Voilà ce que j’ai pu saisir des habitudes intérieures du sérail. Tout s’y passe en général beaucoup plus simplement que ne le supposent les imaginations dépravées des Européens. La question du nombre de femmes ne tient chez les Turcs à aucune autre idée que celle de la reproduction. La race caucasienne, si belle, si énergique, a diminué de beaucoup par un de ces faits physiologiques qu’il est difficile de définir. Les guerres du siècle dernier ont surtout affaibli beaucoup la population spécialement turque. Le courage de ces hommes les a décimés, comme il est arrivé pour les races franques du moyen âge.

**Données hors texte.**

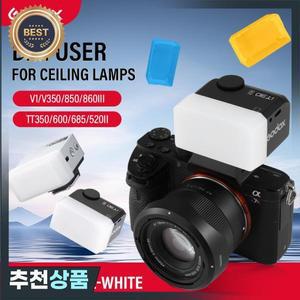 고독스 플래시 디퓨저 소프트 박스 고독스 IM30 IT22 iA32 it30pro 전용 화이트 블루 옐로우 케이스 호환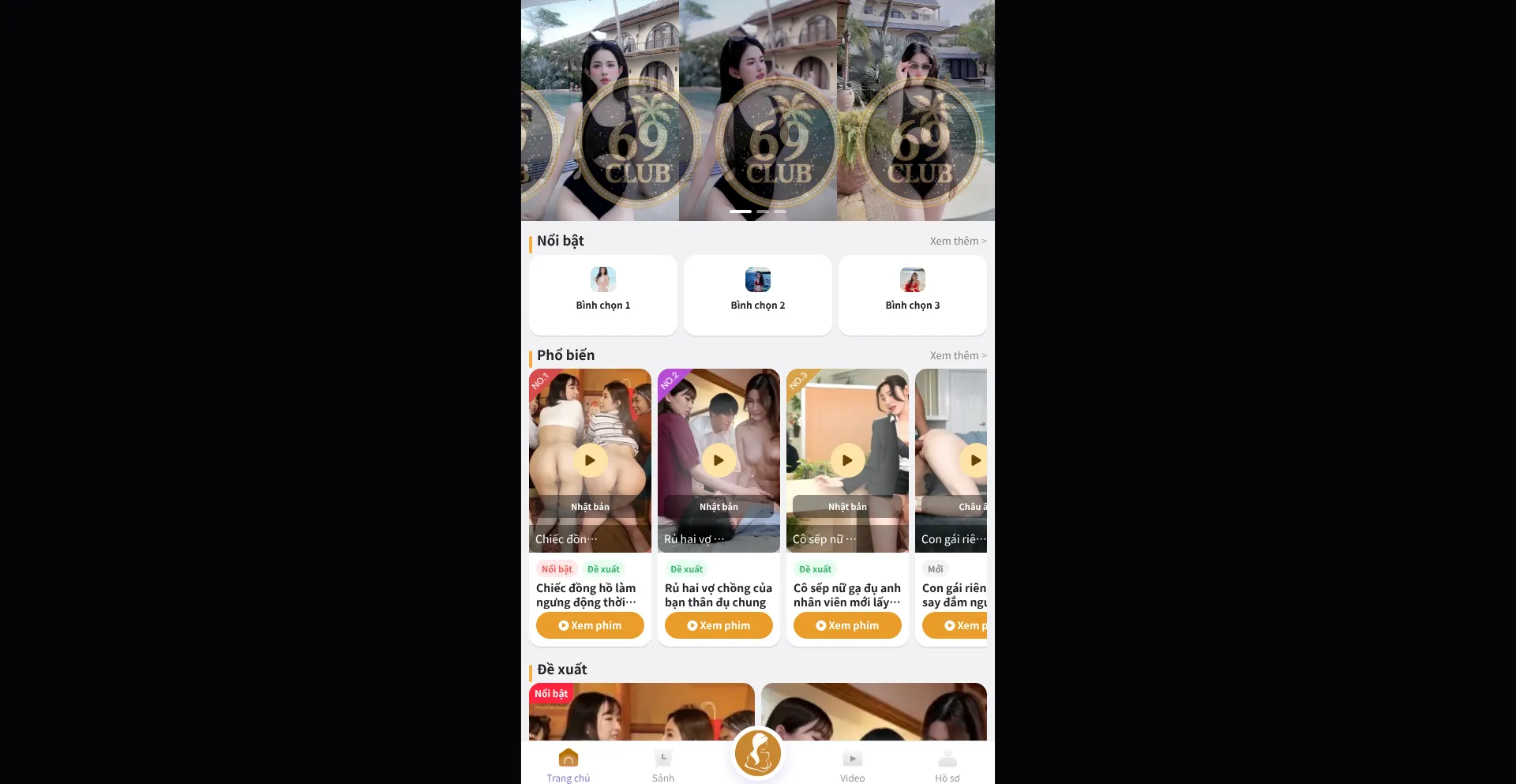 Clb71.com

Le sultan parait fort disposé, pour sa part, à repeupler l’empire turc, si l’on se rend compte du nombre de naissances de princes et de princesses annoncées à la ville de temps en temps par le bruit du canon et par les illuminations de Stamboul.

On nous fit voir ensuite les celliers, les cuisines, les appartements de réception et la salle de concert ; tout est arrangé de manière à ce que les femmes puissent participer, sans être vues, à tous les divertissements des personnes invitées par le sultan. Partout on remarque des loges grillées ouvertes sur les salles comme des tribunes, et qui permettent aux dames du harem de s’associer d’intention à la politique ou aux plaisirs.

Nous admirâmes la salle des bains, construite en marbre, et la mosquée particulière du palais. Ensuite on nous fit sortir par un péristyle donnant sur les jardins, orné de colonnes et fermé d’une galerie en vitrages qui contenait des arbustes, des plantes et des fleurs de l’Inde. Ainsi, Constantinople, déjà froid à cause de sa position montueuse et des orages fréquents de la mer Noire, a des serres de plantes tropicales comme nos pays du Nord.

Nous parcourûmes de nouveau les jardins, et l’on nous fit entrer dans un pavillon où l’on nous avait servi une collation de fruits du jardin et de confitures. Le pacha nous invita à ce régal ; mais il ne mangea rien lui-même, parce que la lune du Ramazan n’était pas encore levée. Nous étions tout confus de sa politesse, et un peu embarrassés de ne pouvoir la reconnaître qu’en paroles.

— Vous pourrez dire, répondit-il à nos remercîments, que vous avez fait un repas chez le sultan !

Sans s’exagérer l’honneur d’une réception si gracieuse, on peut y voir du moins beaucoup de bienveillance, et l’oubli, presque complet aujourd’hui chez les Turcs, des préjugés religieux.